▶ How to complete this task:
The required answer is the data below, restated word for word with images omitted.

▶ Provided data:
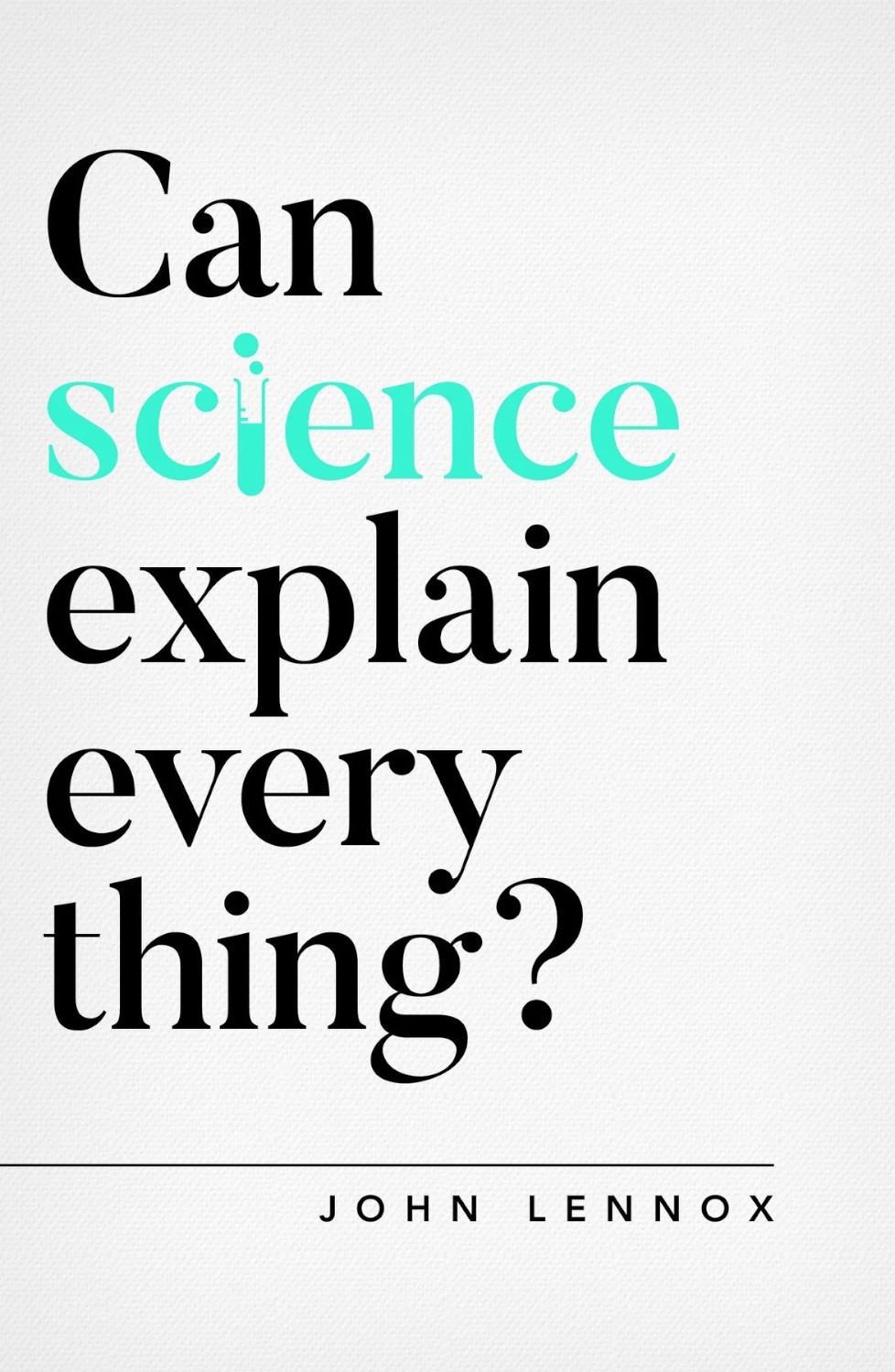 can-science-explain-everything-John-lennox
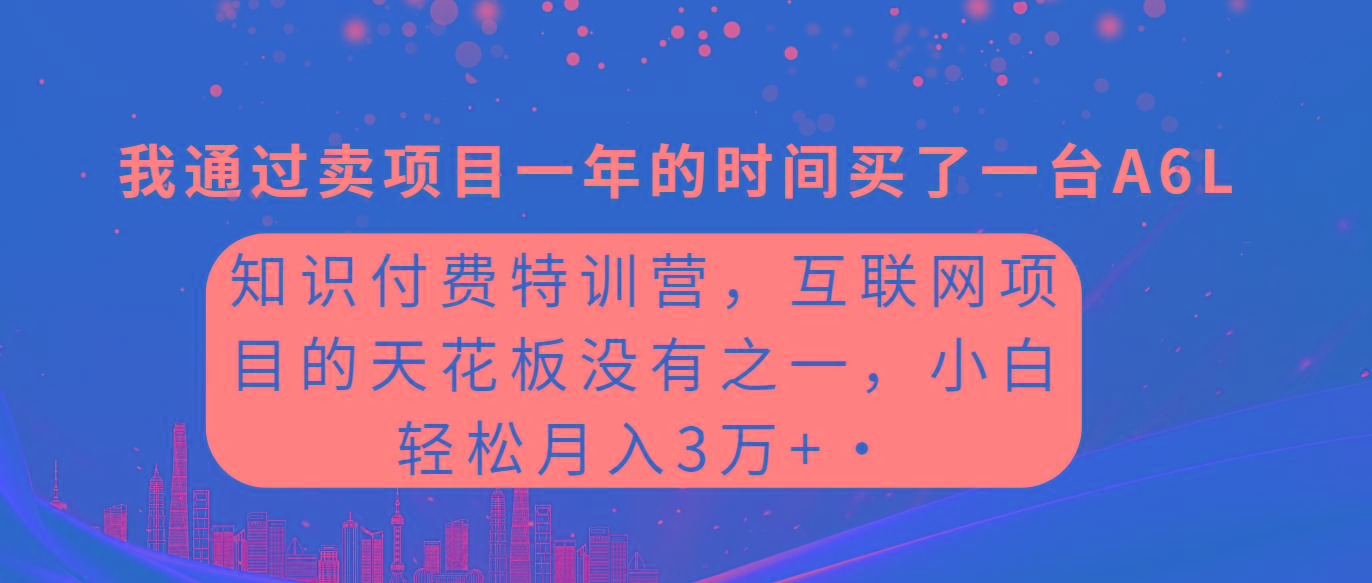 (9819期)知识付费特训营，互联网项目的天花板，没有之一，小白轻轻松松月入三万+-网创星球
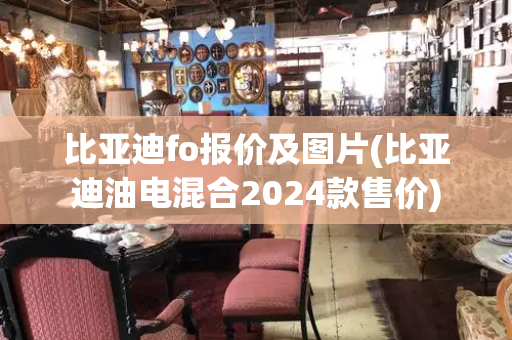 比亚迪fo报价及图片(比亚迪油电混合2024款售价)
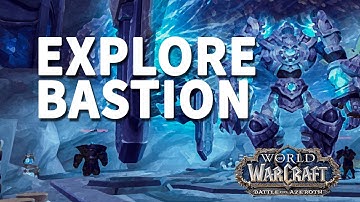 The Eternal Forge WoW Explore Bastion
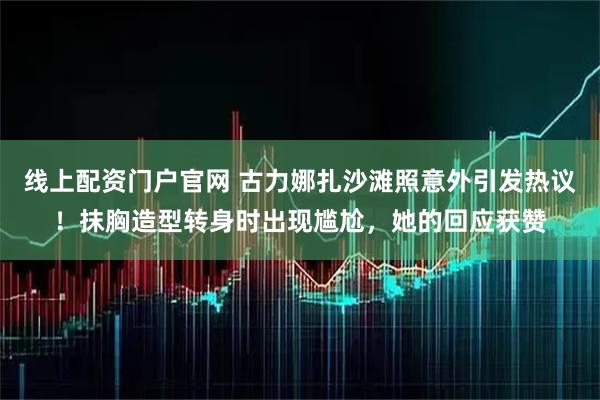线上配资门户官网 古力娜扎沙滩照意外引发热议！抹胸造型转身时出现尴尬，她的回应获赞
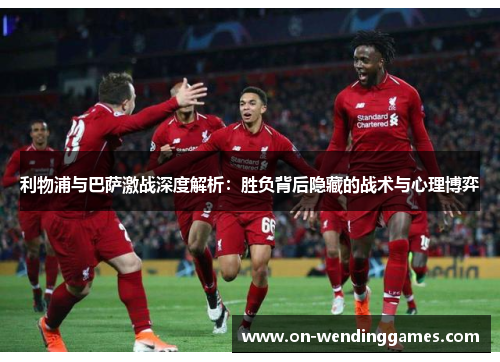 利物浦与巴萨激战深度解析：胜负背后隐藏的战术与心理博弈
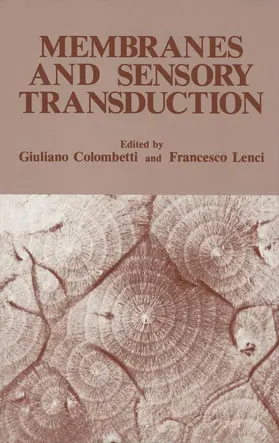 Lenci / Colombetti |  Membranes and Sensory Transduction | Buch |  Sack Fachmedien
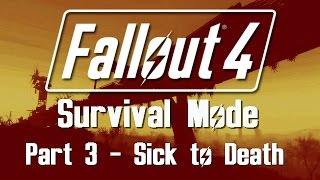 Fallout 4: Survival Mode - Part 3 - Sick to Death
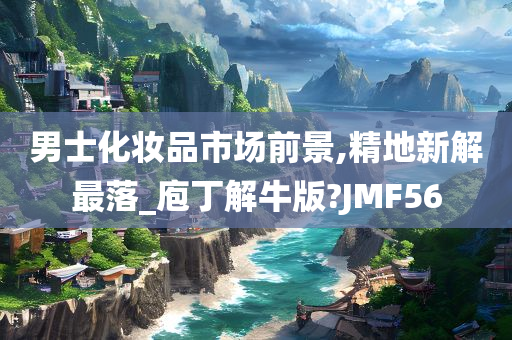 男士化妆品市场前景,精地新解最落_庖丁解牛版?JMF56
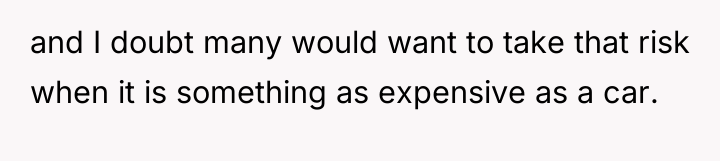 and I doubt many would want to take that risk...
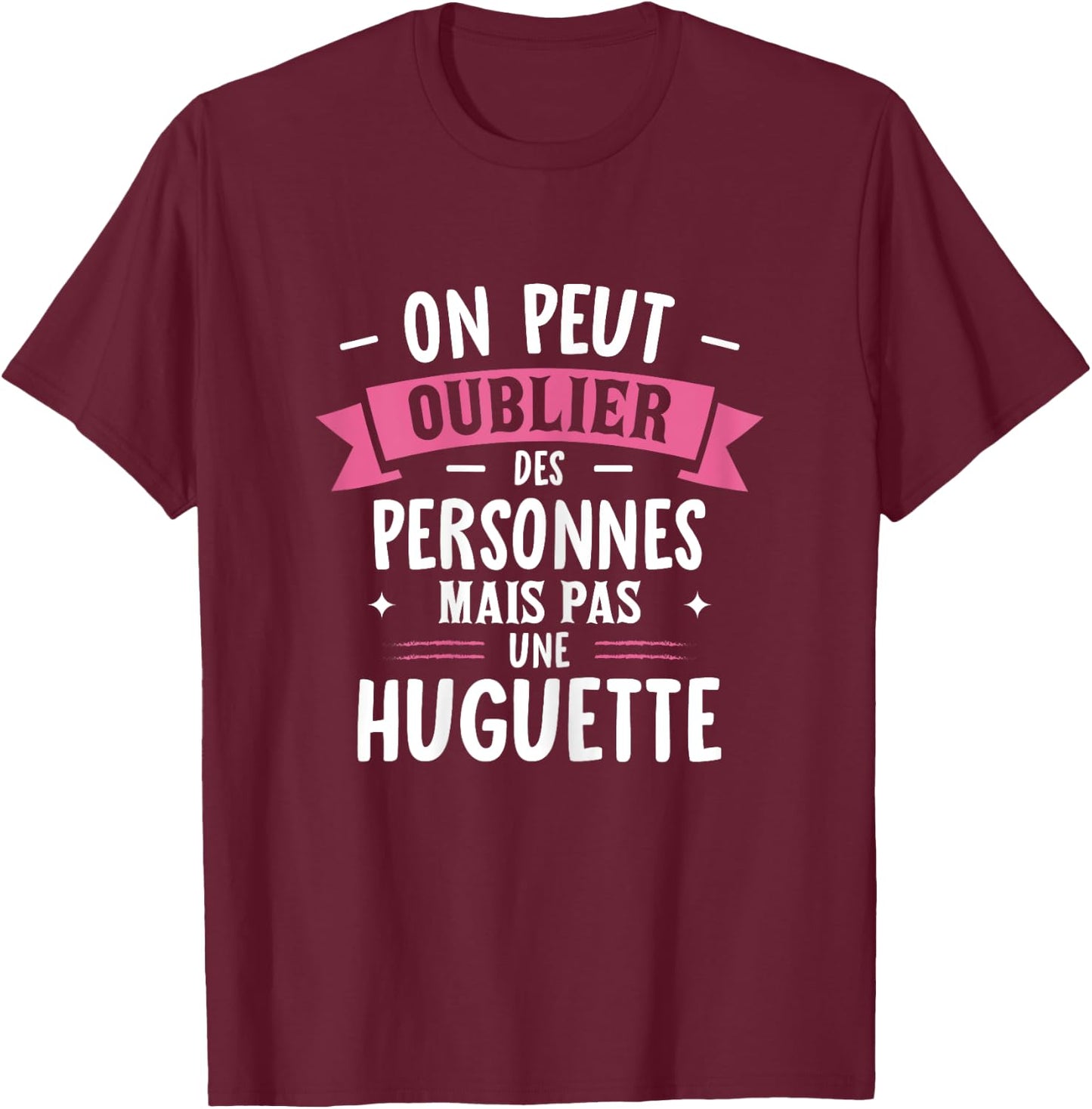 Femme Humour Copine Cadeau Personnalisé BFF Prénom Huguette T-Shirt - T-Shirt | Maroon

▶ Response below:
 can-science-explain-everything-John-lennox
 (9819期)知识付费特训营，互联网项目的天花板，没有之一，小白轻轻松松月入三万+-网创星球
 比亚迪fo报价及图片(比亚迪油电混合2024款售价)
 The Eternal Forge WoW Explore Bastion
线上配资门户官网 古力娜扎沙滩照意外引发热议！抹胸造型转身时出现尴尬，她的回应获赞
 利物浦与巴萨激战深度解析：胜负背后隐藏的战术与心理博弈
 Lenci / Colombetti |  Membranes and Sensory Transduction | Buch |  Sack Fachmedien
 Fallout 4: Survival Mode - Part 3 - Sick to Death
 男士化妆品市场前景,精地新解最落_庖丁解牛版?JMF56
 and I doubt many would want to take that risk...
 Femme Humour Copine Cadeau Personnalisé BFF Prénom Huguette T-Shirt - T-Shirt | Maroon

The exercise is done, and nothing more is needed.